# How to complete this task
Please output exactly the lines from the one containing "Secuencia de Encendido" through the end of the records below, leaving out any pictures.

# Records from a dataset
· · · · ·

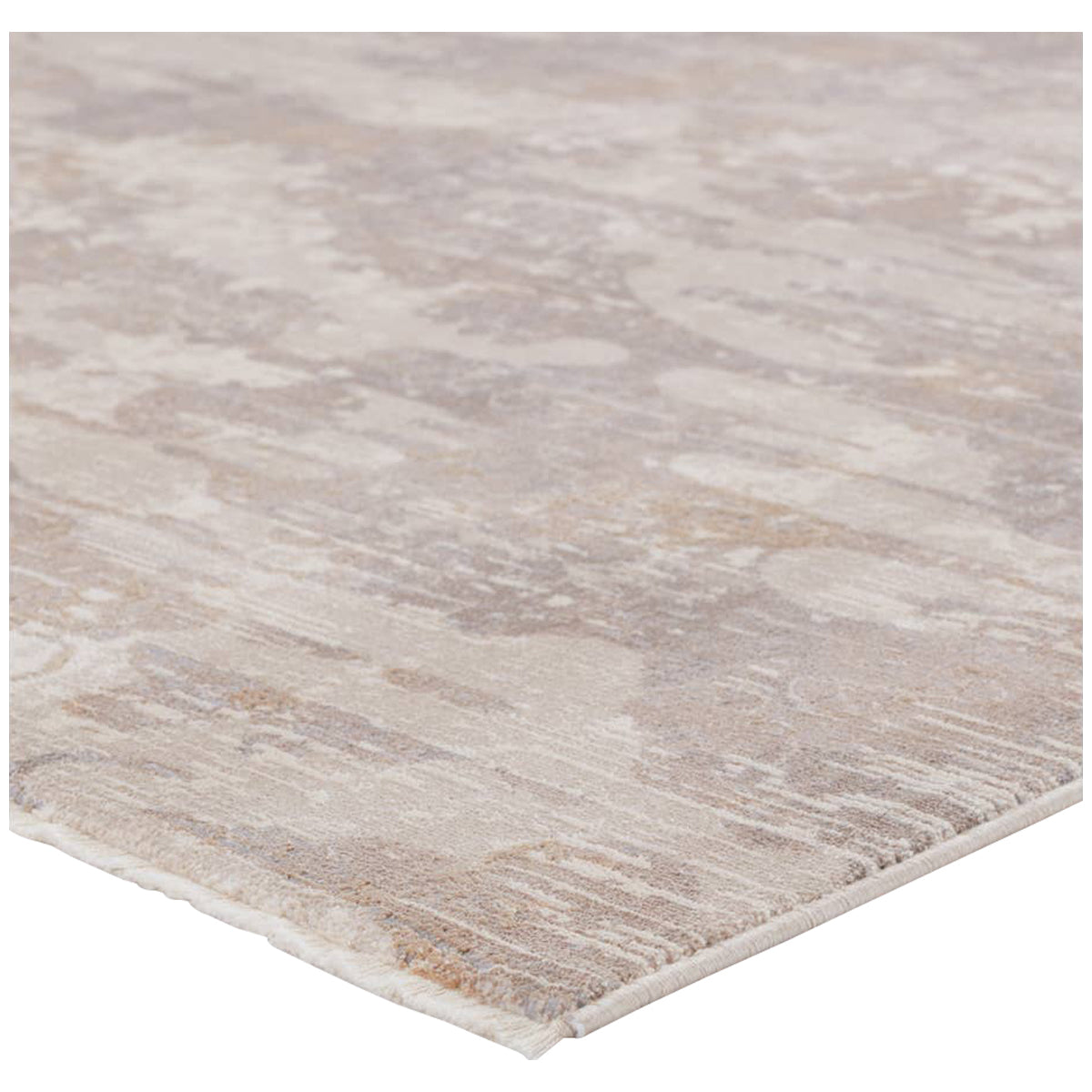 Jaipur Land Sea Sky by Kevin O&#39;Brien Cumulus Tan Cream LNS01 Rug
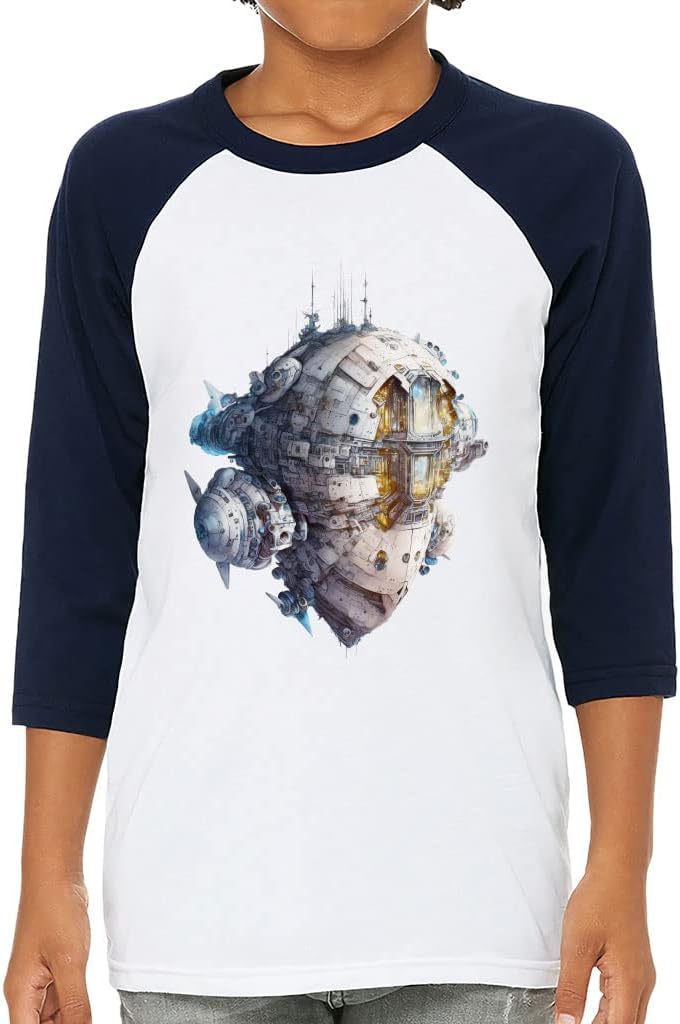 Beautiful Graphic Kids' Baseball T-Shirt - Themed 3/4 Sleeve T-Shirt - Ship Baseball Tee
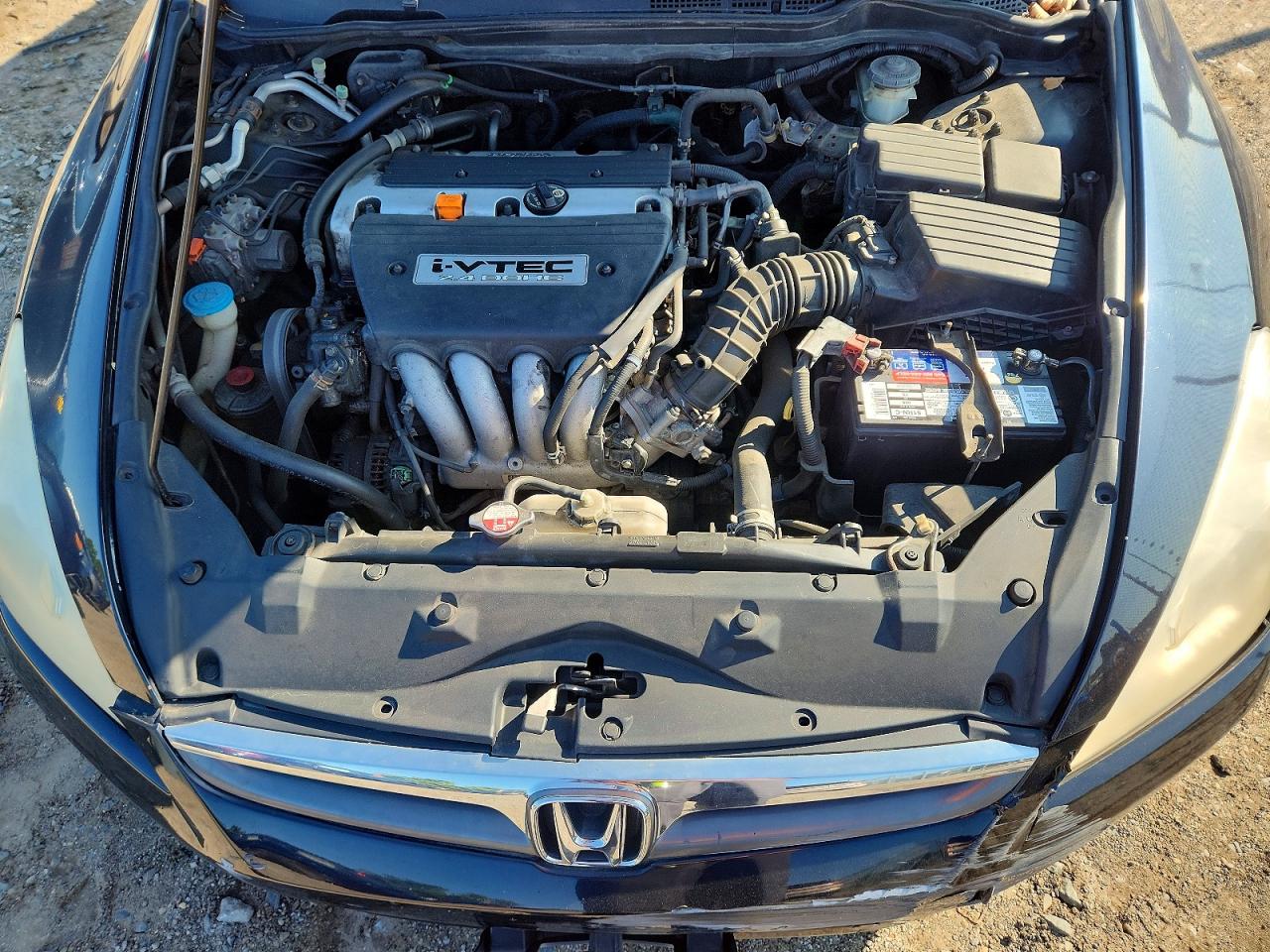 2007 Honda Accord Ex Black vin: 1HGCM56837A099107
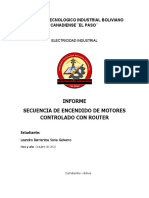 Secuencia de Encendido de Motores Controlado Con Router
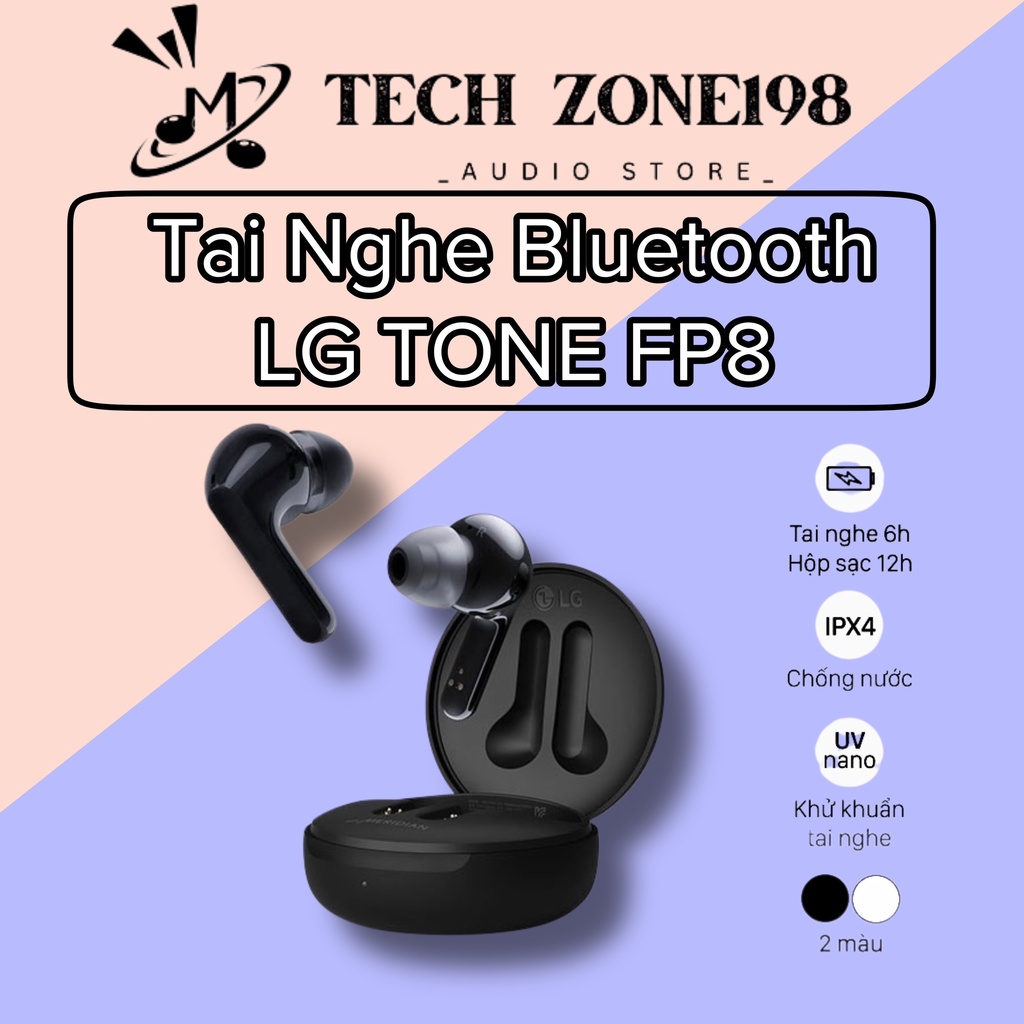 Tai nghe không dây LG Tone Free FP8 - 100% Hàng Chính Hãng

· · · · ·

# Result
 Secuencia de Encendido de Motores Controlado Con Router
 Tai nghe không dây LG Tone Free FP8 - 100% Hàng Chính Hãng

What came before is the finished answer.